Prof Nandini reviews Malashri Lal’s Mandalas of Time, a 75-poem collection exploring themes of feminism, gender equality, mythology, and Indian knowledge systems, with a focus on social transformation—exclusive for Different Truths.
Mandalas of Time by Malashri Lal came to me just yesterday as a pleasant surprise and absolute joy. I read the 75 unputdownable poems in one go, and then read the Introduction by Lal herself, with a worthy Foreword by Bashabi Fraser and a powerful Afterword by Ranjit Hoskote. The production quality of the book is aesthetically appealing with a cover photograph and design by Bitan Chakraborty. I must congratulate the poet and the publishers for this beautiful work.
First, seventeen pages of sheer poetic prose add value to the book. Feminism, gender equality, myth, folklore and Indian knowledge systems are the thrust areas of this collection.
“In this collection of seventy-five poems, we are introduced to the many themes and subjects that fascinate, move and inspire Malashri. Women are evoked or recalled from mythology, (Manthara Dasi), from the Hindu divine pantheon (the two Sita poems which have the appeal of Malashri’s insights) and from history (Hawa Mahal), all given a voice by the poet’s fine feminist sensibility.” (Fraser 8)
‘Poetry — The Healing Touch: Dualities, multiplicities’ comes as a breath of fresh air in the form of an Introduction to the book by the poet, Malashri Lal. She writes mellifluous poetic prose where she pours her heart out in the language of nostalgia. This paragraph sets the tone of her entire poetic narrative in the book:
“Poetry has been my attempt to bridge the disparate inheritances. As dusk sits gently over the spiky grass of a mela ground in Jaipur, oil lamps appear at modest doorways like beacons to goddess Lakshmi. This is Jaipur of the 1960s, not the cosmopolitan tourist hub of modern times. Then, someone unfurled a Pabuji ka phar scroll, others spread a cotton dari over the sand. On the sidelines, the Bhopa singers who would render the ancient poetry of Pabuji’s exploits were preparing for their performance. Husband, wife, and the young boy wrapped their ankle bells dexterously. The man said a quiet prayer in front of the scroll, the woman pulled down her ghunghat and lit an oil lamp to hold up periodically to the scroll, the boy stretched his limbs for the rhythmic dance accompanying his father’s recital. The phar has no written script — it’s lodged in the memory of the Bhopas, their roving temple, their itinerant folk epic in pictures. Such poetry is mnemonic.” (Lal 13)
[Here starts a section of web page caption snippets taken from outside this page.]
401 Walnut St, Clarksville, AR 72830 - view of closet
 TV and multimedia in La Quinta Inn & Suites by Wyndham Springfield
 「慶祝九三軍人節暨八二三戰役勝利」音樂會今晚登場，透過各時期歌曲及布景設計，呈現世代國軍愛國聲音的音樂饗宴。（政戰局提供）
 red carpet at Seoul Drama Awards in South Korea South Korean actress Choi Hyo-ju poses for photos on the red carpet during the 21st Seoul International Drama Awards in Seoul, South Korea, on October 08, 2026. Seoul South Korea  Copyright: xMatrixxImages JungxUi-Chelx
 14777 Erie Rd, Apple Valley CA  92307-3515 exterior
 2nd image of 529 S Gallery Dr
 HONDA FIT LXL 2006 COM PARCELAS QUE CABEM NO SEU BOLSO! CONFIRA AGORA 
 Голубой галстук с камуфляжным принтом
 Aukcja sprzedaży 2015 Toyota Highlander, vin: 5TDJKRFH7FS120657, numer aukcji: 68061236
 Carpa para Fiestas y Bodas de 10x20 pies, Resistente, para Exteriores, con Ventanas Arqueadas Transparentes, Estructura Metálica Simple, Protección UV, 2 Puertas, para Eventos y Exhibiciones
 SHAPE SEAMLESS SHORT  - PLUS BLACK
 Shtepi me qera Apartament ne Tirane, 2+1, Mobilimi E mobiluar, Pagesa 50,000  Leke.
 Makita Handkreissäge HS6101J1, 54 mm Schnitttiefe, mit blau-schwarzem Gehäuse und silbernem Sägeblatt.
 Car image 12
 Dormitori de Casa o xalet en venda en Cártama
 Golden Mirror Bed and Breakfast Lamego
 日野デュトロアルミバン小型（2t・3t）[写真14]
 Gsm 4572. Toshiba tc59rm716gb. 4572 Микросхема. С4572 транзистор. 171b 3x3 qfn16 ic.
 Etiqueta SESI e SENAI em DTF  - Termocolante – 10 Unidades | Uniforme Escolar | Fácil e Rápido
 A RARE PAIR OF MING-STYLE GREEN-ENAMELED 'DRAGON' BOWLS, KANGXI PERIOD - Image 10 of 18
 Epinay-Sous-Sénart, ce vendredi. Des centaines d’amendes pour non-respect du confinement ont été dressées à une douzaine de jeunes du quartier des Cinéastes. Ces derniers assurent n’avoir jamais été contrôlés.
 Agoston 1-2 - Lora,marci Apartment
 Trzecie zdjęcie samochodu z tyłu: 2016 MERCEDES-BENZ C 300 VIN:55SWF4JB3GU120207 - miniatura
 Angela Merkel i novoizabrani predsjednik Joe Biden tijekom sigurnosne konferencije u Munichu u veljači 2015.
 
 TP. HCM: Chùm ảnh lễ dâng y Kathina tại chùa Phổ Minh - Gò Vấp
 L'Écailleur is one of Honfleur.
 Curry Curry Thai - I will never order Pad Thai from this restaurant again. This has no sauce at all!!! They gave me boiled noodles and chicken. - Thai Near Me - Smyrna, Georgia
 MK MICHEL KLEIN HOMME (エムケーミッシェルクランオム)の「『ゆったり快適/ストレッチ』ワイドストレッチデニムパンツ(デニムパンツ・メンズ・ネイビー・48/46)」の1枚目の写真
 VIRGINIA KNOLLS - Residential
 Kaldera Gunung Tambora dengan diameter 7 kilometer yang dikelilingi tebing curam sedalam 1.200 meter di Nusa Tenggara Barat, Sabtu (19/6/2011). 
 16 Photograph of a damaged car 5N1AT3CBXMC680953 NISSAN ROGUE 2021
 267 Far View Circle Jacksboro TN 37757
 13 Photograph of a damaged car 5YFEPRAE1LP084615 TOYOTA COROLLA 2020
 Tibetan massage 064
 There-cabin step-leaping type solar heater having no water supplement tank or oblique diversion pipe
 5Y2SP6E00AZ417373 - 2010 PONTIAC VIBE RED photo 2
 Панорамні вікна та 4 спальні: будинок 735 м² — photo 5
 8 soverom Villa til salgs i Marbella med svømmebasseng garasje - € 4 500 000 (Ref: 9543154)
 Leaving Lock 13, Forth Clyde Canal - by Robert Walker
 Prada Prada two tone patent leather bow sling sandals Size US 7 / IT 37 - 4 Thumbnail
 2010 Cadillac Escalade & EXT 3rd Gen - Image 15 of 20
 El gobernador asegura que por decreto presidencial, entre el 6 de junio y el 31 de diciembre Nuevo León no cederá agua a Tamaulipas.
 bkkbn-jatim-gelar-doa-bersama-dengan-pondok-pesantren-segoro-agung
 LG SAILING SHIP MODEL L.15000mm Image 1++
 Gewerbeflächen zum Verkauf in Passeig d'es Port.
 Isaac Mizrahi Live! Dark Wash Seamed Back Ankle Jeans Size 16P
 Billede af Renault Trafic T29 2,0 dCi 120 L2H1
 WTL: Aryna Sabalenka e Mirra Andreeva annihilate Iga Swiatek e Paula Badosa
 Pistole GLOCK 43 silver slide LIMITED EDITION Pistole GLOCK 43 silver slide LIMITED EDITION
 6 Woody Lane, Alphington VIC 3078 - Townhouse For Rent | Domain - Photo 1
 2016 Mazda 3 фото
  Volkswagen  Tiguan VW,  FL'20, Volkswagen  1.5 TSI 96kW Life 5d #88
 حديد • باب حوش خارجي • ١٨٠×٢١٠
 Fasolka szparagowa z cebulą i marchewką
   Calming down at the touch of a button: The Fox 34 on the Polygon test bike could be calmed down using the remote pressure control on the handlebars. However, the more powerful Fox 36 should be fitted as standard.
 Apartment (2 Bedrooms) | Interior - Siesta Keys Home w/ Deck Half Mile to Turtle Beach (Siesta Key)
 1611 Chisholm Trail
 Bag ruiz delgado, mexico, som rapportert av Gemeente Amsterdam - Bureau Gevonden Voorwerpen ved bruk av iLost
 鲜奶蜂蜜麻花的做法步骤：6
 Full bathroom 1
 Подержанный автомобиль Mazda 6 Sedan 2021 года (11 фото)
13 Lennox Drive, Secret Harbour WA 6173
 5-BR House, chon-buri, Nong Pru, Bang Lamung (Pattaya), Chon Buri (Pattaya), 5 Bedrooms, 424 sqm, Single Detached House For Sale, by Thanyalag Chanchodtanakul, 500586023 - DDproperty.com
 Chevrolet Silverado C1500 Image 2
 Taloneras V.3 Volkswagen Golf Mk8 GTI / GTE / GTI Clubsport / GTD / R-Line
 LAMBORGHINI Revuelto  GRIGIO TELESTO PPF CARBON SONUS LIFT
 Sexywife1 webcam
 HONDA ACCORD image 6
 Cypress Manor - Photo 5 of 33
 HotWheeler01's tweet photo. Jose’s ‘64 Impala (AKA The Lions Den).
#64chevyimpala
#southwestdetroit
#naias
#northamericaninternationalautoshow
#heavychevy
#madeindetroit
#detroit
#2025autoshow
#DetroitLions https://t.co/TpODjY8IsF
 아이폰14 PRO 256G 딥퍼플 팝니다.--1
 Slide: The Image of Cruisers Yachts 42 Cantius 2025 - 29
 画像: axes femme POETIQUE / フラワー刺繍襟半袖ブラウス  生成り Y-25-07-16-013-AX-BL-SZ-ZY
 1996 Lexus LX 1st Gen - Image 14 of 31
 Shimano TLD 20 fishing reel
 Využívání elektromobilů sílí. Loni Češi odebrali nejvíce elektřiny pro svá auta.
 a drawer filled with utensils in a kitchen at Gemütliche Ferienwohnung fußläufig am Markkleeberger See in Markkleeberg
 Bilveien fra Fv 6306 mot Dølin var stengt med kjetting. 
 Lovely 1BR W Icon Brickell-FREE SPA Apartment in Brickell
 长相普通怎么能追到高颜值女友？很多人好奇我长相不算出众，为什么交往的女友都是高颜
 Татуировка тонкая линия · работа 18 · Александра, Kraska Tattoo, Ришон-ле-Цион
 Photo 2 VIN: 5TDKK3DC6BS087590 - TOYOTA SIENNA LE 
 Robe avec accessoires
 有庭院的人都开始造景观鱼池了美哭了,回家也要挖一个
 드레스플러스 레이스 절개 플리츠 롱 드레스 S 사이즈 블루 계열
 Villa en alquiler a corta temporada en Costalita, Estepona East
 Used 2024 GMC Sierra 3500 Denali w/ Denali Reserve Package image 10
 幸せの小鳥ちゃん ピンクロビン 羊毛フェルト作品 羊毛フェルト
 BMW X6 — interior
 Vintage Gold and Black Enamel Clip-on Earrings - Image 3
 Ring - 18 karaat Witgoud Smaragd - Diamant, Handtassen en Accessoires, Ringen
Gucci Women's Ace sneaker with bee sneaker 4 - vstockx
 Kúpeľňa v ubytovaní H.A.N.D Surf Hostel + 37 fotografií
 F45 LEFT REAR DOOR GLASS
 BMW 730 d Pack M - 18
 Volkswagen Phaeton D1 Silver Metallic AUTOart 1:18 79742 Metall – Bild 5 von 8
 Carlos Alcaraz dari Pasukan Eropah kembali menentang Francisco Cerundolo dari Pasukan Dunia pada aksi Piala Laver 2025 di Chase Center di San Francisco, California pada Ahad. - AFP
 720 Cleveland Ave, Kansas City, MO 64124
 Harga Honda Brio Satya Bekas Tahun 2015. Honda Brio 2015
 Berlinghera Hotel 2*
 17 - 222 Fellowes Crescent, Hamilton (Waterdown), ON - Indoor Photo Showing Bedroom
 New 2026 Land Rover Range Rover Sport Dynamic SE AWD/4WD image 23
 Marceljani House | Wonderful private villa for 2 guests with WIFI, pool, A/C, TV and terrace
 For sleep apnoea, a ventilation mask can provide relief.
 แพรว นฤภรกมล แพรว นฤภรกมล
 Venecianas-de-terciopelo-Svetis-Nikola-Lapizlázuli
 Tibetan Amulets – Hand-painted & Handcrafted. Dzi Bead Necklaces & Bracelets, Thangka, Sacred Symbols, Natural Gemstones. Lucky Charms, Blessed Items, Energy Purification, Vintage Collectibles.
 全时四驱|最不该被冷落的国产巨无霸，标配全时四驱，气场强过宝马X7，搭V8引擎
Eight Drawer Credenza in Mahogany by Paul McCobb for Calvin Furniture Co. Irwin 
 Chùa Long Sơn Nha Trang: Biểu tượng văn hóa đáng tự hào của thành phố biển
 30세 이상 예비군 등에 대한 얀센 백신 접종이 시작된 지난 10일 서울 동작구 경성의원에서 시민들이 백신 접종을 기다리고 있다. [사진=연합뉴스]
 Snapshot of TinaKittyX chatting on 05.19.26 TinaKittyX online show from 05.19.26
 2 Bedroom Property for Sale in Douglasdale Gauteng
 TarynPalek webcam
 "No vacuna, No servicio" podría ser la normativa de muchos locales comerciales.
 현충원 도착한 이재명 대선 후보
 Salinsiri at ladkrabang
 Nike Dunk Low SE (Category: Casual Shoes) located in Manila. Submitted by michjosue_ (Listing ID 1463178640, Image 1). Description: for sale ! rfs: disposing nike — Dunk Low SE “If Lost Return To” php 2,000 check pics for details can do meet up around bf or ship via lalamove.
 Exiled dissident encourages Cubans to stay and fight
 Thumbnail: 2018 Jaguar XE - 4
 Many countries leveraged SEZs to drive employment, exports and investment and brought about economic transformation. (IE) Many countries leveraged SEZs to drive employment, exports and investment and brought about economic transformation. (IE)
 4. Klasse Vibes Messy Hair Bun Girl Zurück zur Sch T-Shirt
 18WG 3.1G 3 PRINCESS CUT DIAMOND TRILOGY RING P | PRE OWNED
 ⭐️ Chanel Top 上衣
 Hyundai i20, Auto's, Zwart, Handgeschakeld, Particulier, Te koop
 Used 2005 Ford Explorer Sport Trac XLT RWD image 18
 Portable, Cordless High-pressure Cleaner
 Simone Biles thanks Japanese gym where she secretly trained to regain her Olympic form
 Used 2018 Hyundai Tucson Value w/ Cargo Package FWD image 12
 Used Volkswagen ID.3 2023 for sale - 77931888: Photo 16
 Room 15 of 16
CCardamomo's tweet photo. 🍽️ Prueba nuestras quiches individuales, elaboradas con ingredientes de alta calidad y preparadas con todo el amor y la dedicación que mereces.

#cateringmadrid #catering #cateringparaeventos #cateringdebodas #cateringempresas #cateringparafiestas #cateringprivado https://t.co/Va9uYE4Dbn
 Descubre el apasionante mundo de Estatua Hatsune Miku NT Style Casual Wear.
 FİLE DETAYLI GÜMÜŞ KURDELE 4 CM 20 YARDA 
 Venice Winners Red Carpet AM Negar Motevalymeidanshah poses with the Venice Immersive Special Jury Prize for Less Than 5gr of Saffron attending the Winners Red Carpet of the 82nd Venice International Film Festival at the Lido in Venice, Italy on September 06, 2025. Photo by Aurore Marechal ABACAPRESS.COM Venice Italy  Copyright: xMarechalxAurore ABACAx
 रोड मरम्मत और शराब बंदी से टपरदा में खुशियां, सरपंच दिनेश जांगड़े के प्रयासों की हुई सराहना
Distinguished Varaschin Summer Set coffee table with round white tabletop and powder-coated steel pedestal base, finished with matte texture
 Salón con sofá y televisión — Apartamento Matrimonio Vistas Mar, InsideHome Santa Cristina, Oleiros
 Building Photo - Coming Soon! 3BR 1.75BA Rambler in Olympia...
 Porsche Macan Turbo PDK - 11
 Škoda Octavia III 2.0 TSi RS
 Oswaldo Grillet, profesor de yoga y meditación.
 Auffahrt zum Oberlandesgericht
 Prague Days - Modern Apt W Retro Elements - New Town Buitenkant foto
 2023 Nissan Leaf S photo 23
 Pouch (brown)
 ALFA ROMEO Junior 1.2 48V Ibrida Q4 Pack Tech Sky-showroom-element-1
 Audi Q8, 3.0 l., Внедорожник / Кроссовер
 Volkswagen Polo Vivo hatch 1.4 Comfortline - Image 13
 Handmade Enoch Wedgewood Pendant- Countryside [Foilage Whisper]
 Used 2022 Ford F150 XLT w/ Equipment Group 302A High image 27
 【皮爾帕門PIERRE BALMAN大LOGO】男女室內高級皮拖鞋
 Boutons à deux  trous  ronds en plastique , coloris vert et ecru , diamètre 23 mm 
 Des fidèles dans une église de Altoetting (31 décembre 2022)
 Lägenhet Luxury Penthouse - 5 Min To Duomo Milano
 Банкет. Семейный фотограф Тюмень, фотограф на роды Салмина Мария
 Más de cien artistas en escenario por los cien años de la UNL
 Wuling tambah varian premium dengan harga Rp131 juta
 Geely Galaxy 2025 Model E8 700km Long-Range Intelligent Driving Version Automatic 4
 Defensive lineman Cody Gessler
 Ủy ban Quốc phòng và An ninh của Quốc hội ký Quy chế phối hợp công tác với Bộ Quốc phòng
Elsewhere, Lal talks about the rich pedigree that shaped her as a poet:
“Far away from Jaipur, my ancestral families were in Calcutta and Shantiniketan, some having assisted Rabindranath Tagore in the early years of Visva-Bharati. The poetry in that context was aligned with music, woven into readings from Bengali, other works of Indian literature, and even Scottish ballads. This was an early cosmopolitanism carried further into Calcutta’s multicultural heritage manifested in abriti or recitations from many sources. I enjoyed these during visits to my grandparents.” (Lal 14)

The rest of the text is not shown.